Unsurprisingly, the future Hall of Fame quarterback faced questions about his future almost immediately. Last year, Rodgers faced many of the same questions, and appeared to indicate his relationship with the front office had fractured. Eventually, they made amends, but restructured his contract in a way that would make a 2022 divorce very easy for both sides.
After the 49ers' loss, Rodgers was asked if the way the Packers exited the playoffs would impact his decision to stay or go this year, he admitted it will.
“Yeah, of course it does, but there’s obviously a lot of decisions to be made,” Rodgers said. “There’s a lot of players whose futures are up in the air, so definitely it’ll be interesting to see which way some of those decisions go, but I’ll have some conversations with (Packers GM) Brian (Gutekunst) in the next week or so and get a little bit more clarity and think about my own future and how much longer I want to keep doing this.”
The Packers are facing a daunting offseason ahead. It feels like they truly went all-in this year, knowing very well that this could be Rodgers’ Last Dance. Before the new league year starts, Green Bay is somehow going to have to slash into their cap situation, which currently sits somewhere between $45-50 million over the projected 2022 cap. On top of that, they have some huge decisions to make on free agents, headlined by All-Pro receiver Davante Adams. Rodgers made it pretty clear the fate of some of those players will impact his decision because he’s in no mood to rebuild at 38 years old.
“Obviously Davante’s the best receiver in the league and he’s a free agent, although they could obviously tag him. Allen Lazard, Robert Tonyan, so many guys’ contracts are up or on the brink or salary cap stuff, so a lot of decisions to be made,” Rodgers said. “I don’t want to be a part of a rebuild if I’m going to keep playing, so a lot of decisions in the next couple months.”
And while that certainly seems to suggest the two sides may part unless Gutekunst works some salary cap magic, Rodgers did admit that his relationship with the Packers front office improved drastically.
“A lot, honestly,” Rodgers said. “Brian came out and saw me on the West Coast. We had some good conversations and from the day I got back I felt like there was earnest decisions on both sides to meet in the middle and communicate. I’m very thankful to be part of the conversations I was a part of. I feel like my opinion mattered.”
It’s still too early to know which way Rodgers will go, but the Packers starting quarterback of the past 14 years committed to having an answer by the start of the new league year in March.

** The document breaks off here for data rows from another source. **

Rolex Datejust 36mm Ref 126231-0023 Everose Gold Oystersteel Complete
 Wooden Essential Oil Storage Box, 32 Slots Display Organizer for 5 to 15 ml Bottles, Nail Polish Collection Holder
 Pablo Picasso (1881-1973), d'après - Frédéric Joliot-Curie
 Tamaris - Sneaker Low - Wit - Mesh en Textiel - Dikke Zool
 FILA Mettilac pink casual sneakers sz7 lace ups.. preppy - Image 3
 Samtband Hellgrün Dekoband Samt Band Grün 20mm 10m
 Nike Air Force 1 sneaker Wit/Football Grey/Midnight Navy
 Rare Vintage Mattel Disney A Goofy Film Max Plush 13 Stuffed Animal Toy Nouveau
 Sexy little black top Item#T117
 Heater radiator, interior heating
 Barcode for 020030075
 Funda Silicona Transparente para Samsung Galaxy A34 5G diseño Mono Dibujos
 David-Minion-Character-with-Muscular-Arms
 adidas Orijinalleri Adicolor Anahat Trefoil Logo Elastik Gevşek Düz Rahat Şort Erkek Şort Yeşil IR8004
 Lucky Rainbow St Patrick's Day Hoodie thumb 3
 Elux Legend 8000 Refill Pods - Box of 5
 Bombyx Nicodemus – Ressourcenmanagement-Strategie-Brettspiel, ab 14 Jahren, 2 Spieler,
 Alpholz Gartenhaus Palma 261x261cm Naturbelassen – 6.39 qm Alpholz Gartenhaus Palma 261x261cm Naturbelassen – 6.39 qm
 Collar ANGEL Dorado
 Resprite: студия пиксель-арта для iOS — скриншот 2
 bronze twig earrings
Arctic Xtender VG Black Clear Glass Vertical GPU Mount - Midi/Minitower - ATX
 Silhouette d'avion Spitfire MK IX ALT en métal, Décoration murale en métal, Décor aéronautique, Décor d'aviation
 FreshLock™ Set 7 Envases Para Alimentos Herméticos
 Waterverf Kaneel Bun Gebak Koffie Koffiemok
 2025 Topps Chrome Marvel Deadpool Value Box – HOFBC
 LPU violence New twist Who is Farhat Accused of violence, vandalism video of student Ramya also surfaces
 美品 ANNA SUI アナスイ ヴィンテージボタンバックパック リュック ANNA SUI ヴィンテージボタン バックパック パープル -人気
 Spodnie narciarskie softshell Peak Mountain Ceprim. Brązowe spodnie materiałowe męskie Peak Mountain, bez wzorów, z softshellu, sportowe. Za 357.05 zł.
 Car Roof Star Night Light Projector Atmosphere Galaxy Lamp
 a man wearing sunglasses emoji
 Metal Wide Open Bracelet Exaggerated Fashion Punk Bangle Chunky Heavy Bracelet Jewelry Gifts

“I’m going to take some time and have conversations with the folks around here and then take some time away and make a decision, obviously before free agency or anything kind of gets going on that front.”
With Rodgers at quarterback, the Packers have gone 139-66-1, won eight NFC North titles, made the playoffs 11 times, and won a Super Bowl. But if Rodgers leaves—and with the Vikings and Bears both firing their GMs and head coaches—the division could look drastically different in 2022.